→ **WHAT THIS TASK INVOLVES**
The reply should repeat all of the data word for word, with no pictures.

→ **SOURCE INFORMATION**
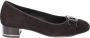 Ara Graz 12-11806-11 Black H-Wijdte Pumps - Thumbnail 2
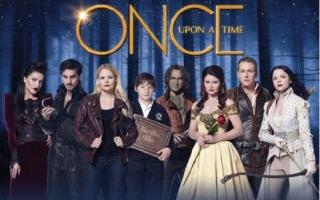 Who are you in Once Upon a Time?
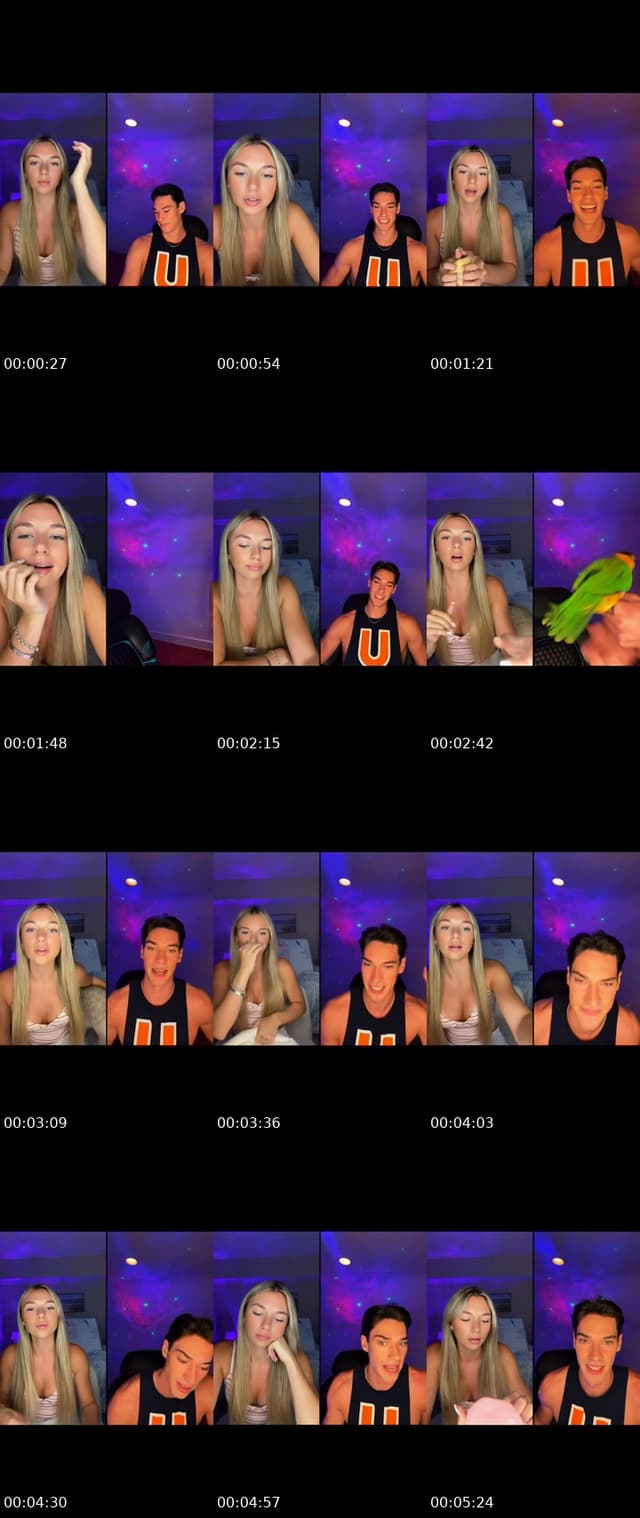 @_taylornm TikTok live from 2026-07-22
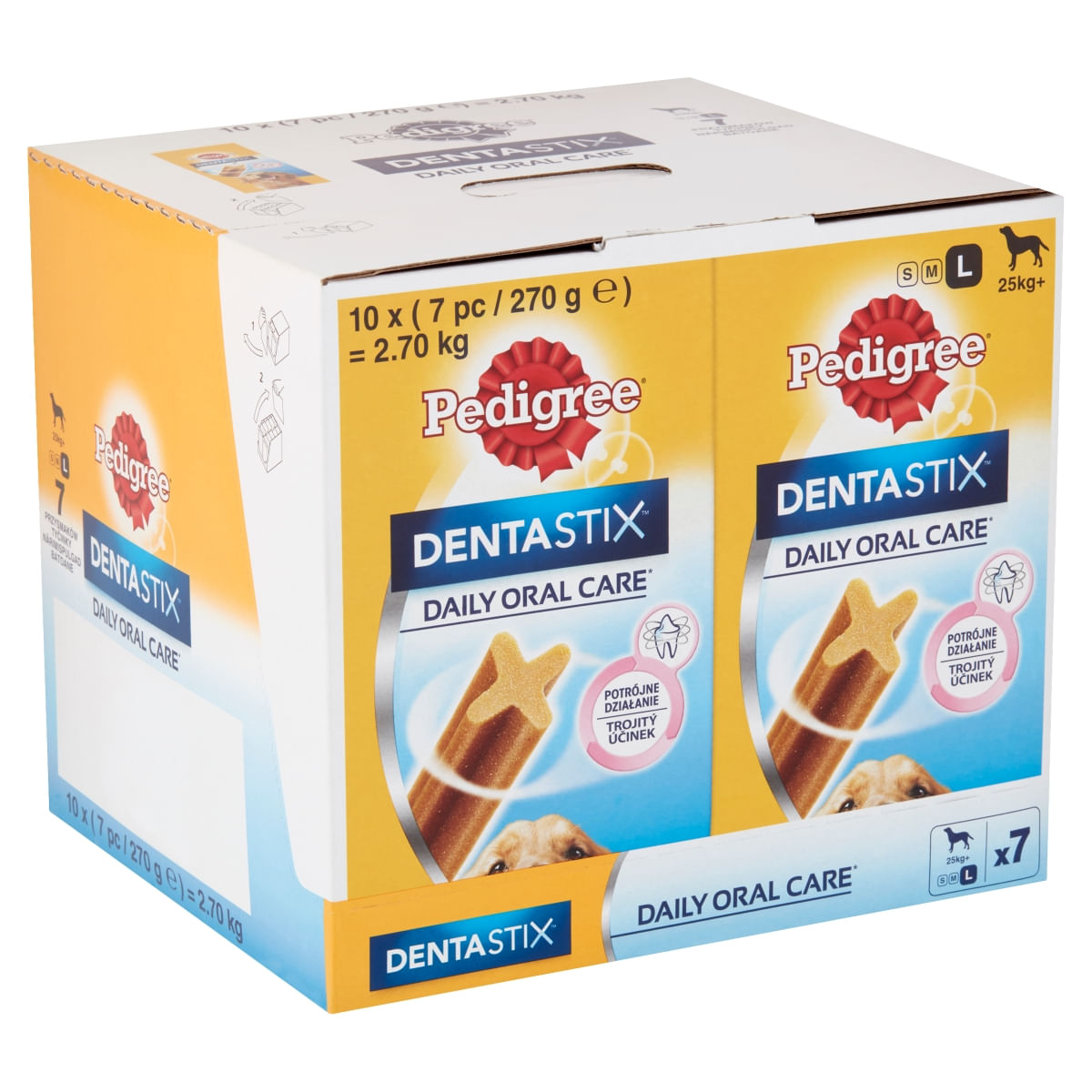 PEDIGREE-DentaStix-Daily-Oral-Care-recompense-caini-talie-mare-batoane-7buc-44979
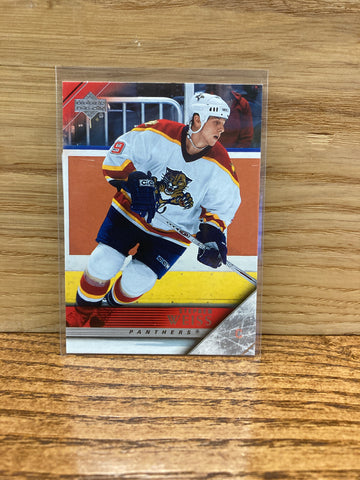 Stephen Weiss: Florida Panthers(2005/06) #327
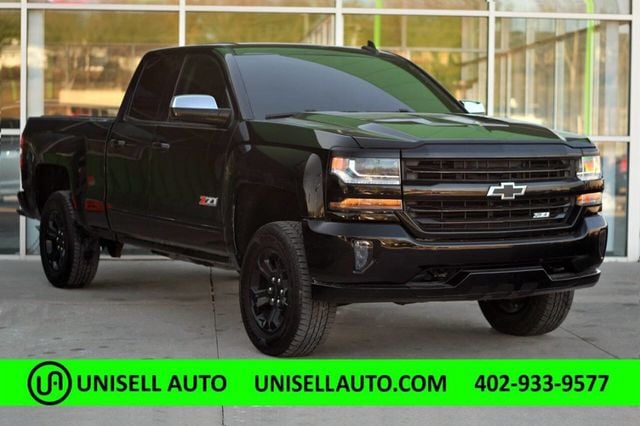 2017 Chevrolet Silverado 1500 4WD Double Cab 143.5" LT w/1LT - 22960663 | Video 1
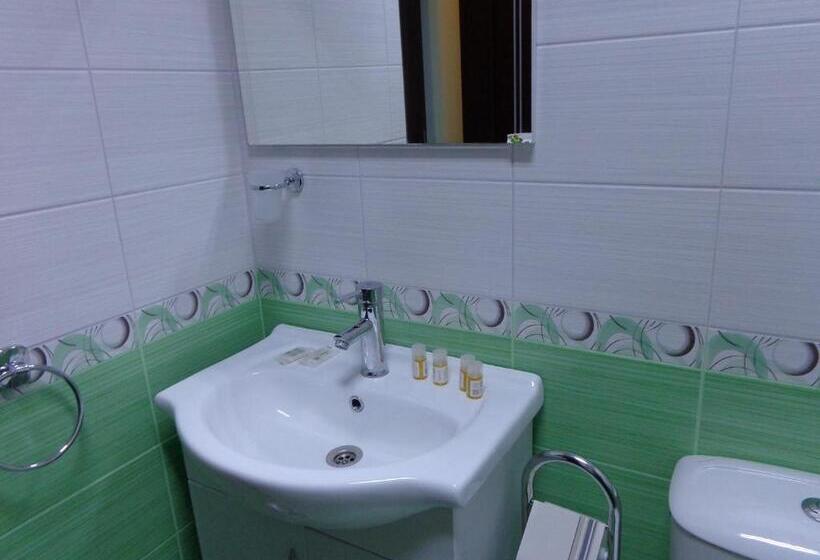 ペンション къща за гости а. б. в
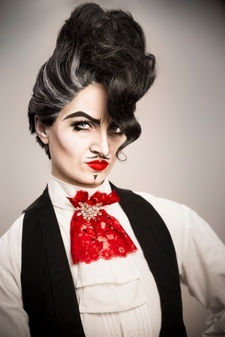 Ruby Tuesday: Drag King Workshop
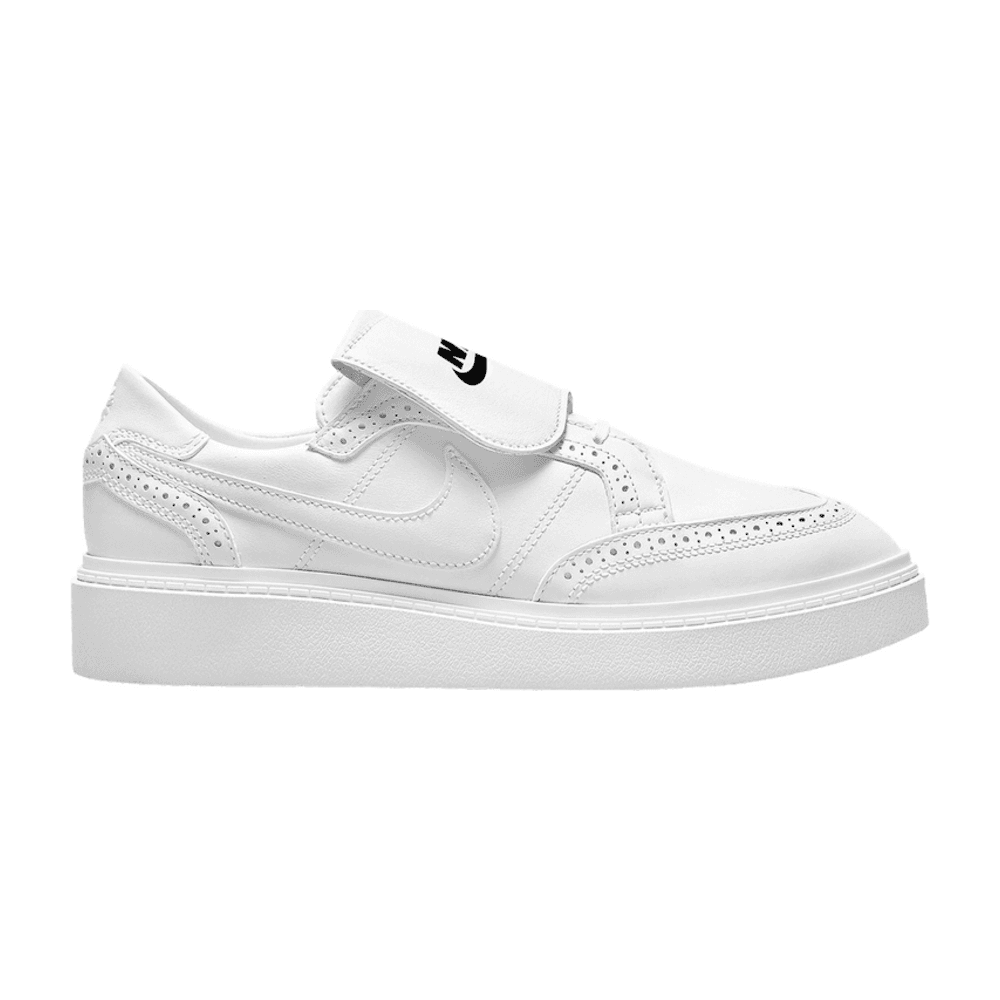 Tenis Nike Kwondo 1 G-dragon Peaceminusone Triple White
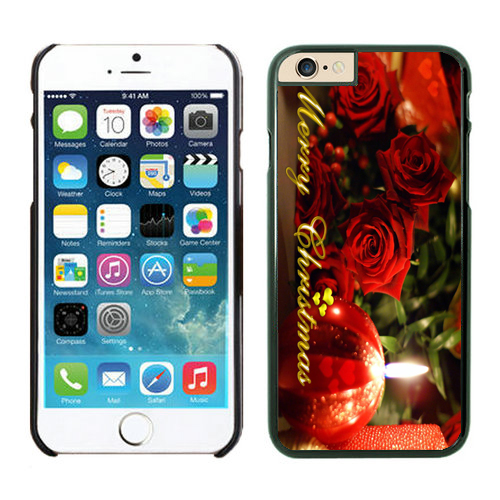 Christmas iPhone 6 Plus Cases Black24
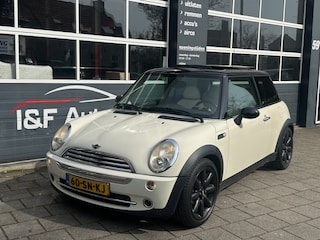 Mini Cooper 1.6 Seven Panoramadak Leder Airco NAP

→ **YOUR RESPONSE**
 Ara Graz 12-11806-11 Black H-Wijdte Pumps - Thumbnail 2
 Who are you in Once Upon a Time?
 @_taylornm TikTok live from 2026-07-22
 PEDIGREE-DentaStix-Daily-Oral-Care-recompense-caini-talie-mare-batoane-7buc-44979
 Stephen Weiss: Florida Panthers(2005/06) #327
 2017 Chevrolet Silverado 1500 4WD Double Cab 143.5" LT w/1LT - 22960663 | Video 1
 ペンション къща за гости а. б. в
 Ruby Tuesday: Drag King Workshop
 Tenis Nike Kwondo 1 G-dragon Peaceminusone Triple White
 Christmas iPhone 6 Plus Cases Black24
 Mini Cooper 1.6 Seven Panoramadak Leder Airco NAP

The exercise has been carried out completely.